Stale A Record Detection

RedScore queries the A record at the apex (yourdomain.tld), takes the first IP returned, and attempts a TCP connection to port 80 and port 443 with a 3-second timeout. The check passes if either port accepts the connection. It warns (no fail tier) if both ports are closed, or if there is no apex A record to probe. No HTTP request is made, no content is fetched, and no other hosts are checked.

What this means in practice: a pass tells you the apex is up and accepting connections on at least one standard web port. A warn means either the apex IP is unreachable on web ports from the scanner's vantage (firewall, dead host, IP reassigned without DNS update, etc.), or there is no apex A record at all.

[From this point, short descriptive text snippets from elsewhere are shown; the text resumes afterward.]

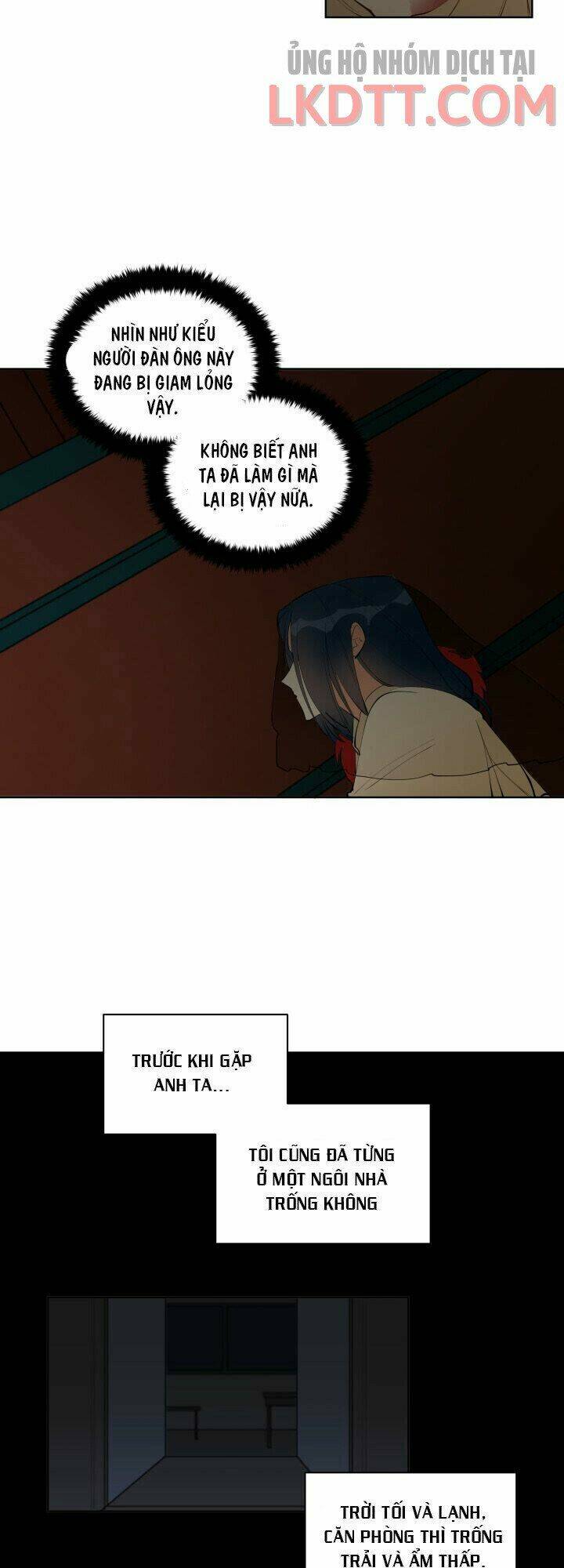 quái thú với hoa chapter 17 20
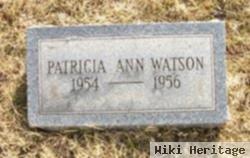Patricia Ann Watson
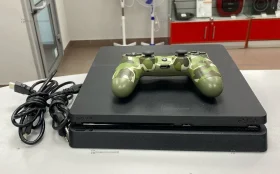 Купить Приставка Sony PlayStation 4 sim 1tb б/у , в Екатеринбург Цена:16500рублей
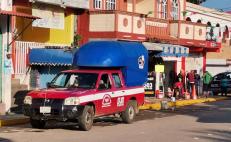 Reanudan servicio de transporte en Palomares, Oaxaca; ante riesgos de seguridad, suspenden clases y Fiestas Patrias 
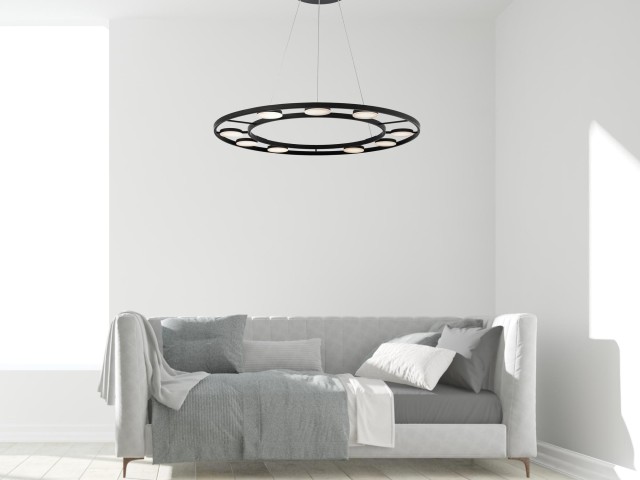 Подвесной светильник Maytoni MOD070PL-L63B3K фото:20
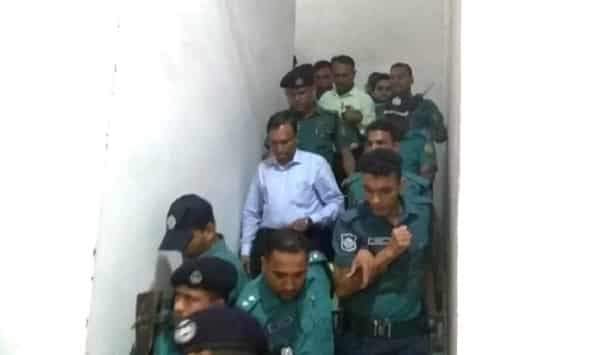 ডিআইজি মিজান-জামিন নামঞ্জুর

How the verdict maps to evidence

• Pass: TCP connect to port 80 or 443 succeeded within 3 seconds. Evidence shows tcp_80_reachable and tcp_443_reachable booleans plus the sample_ip that was probed.
• Warn: both ports failed within 3 seconds.
• Warn: no apex A record returned by DoH.

Warn: no apex A records

If yourdomain.tld has no A or AAAA records, no web traffic resolves to the apex. Two common cases:

• Intentional. The apex is not used for web (mail-only domain, marketing redirect at www only). The warn is acceptable; consider publishing an explicit redirect or holding page at the apex anyway, since users typing the bare domain expect to reach you.
• Misconfiguration. The apex used to have an A record but it was removed by accident. Republish the A record pointing at your real apex host (or use the DNS provider's CNAME-at-apex feature to point at a managed CDN or load balancer).

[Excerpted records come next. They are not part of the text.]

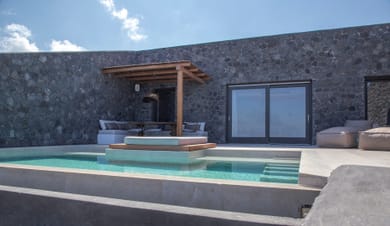 Two Bedroom Villa Private Heated Pool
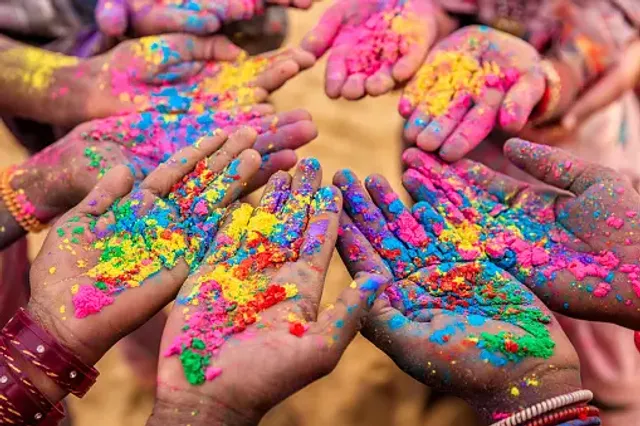 Holi 2024: Date, History, Significance, and All About the Festival of Colours 16 Holi 2024 Festival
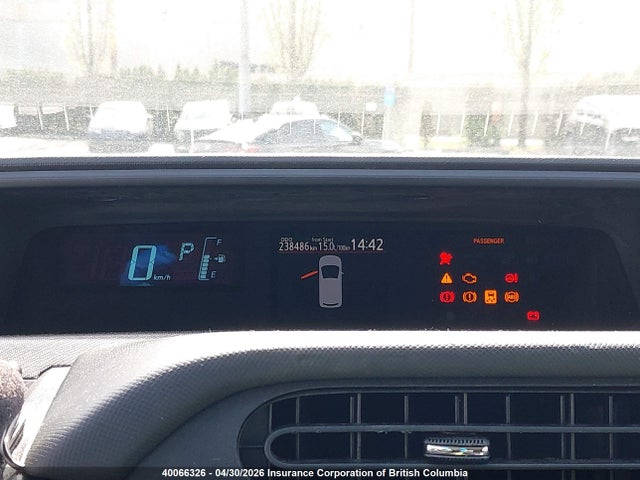 40066326 :رقم المزاد ، JTDKDTB36E1084073 vin ، 2014 Toyota Prius مزاد بيع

Warn: both web ports closed on the apex IP

The apex resolves but neither port 80 nor port 443 accepts a TCP connection from the scanner. This does not prove the host is stale, but it means the scanner cannot reach standard web ports there. Investigate in this order:

• Test from another network. Run nc -zv <ip> 80 and nc -zv <ip> 443 (or curl -vI http://<ip>) from a different vantage point. If both succeed elsewhere, your firewall is blocking the scanner; allow-listing scanner traffic is one option, accepting the warn is another.
• Check whether the host is up at all. ping the IP, or check the host status in your hosting provider's console. If the host is down or terminated, the IP is stale.
• Check for IP reassignment. Cloud IPs are recycled. If you released an EC2 instance, Cloud Run service, or Droplet without removing the DNS record, the IP may now belong to someone else's resource.
• Check whether you actually serve on standard web ports. If the apex is intentionally not a web server (mail server, API on a non-standard port), consider whether the apex A record should exist at all.

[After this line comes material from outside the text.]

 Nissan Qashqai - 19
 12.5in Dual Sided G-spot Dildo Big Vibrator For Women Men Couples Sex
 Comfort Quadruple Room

If the IP is stale, fix the DNS rather than the host

When an IP is dead or reassigned, do not try to revive it; update DNS to point at a host you actually control:

• If the apex should serve a website: update the A record to point at your current web host (or use the DNS provider's CNAME-at-apex feature for a managed CDN or load balancer).
• If the apex should not serve a website: remove the A record and consider publishing a null MX (see MX Presence & Hygiene) so the domain's intent is explicit.
• If you migrated to a managed host: use whatever target hostname or anycast IP that host documents.

Verify the fix

• Run dig +short A yourdomain @1.1.1.1 and confirm the IP is what you expect.
• Run nc -zv <ip> 80 and nc -zv <ip> 443 from outside your network. At least one should succeed.
• Re-run the RedScore lookup. Pass requires at least one port reachable.

Common pitfalls

• Treating warn as proof the IP is stale. The check explicitly cannot prove that. A warn means the scanner could not connect on standard web ports. Investigate before assuming stale.
• Subdomains not covered. The check only probes the apex. Subdomains pointing at stale IPs are not detected here. Audit subdomain DNS records manually until the broader version of this check ships.
• Multi-IP A records ignored beyond the first. If the apex returns multiple IPs (anycast, round-robin), the check probes only the first. Other IPs may have different reachability.
• TCP reachability without HTTP. A successful TCP connect does not mean the host serves a working web page. It only means port 80 or 443 accepts a TCP handshake. Actual web content quality lives in Web Application Security checks.
• Firewall scope. If you allow-list the RedScore scanner to bypass this warning, remember the warning was a signal that any external user is also blocked. Allow-listing the scanner masks the underlying problem.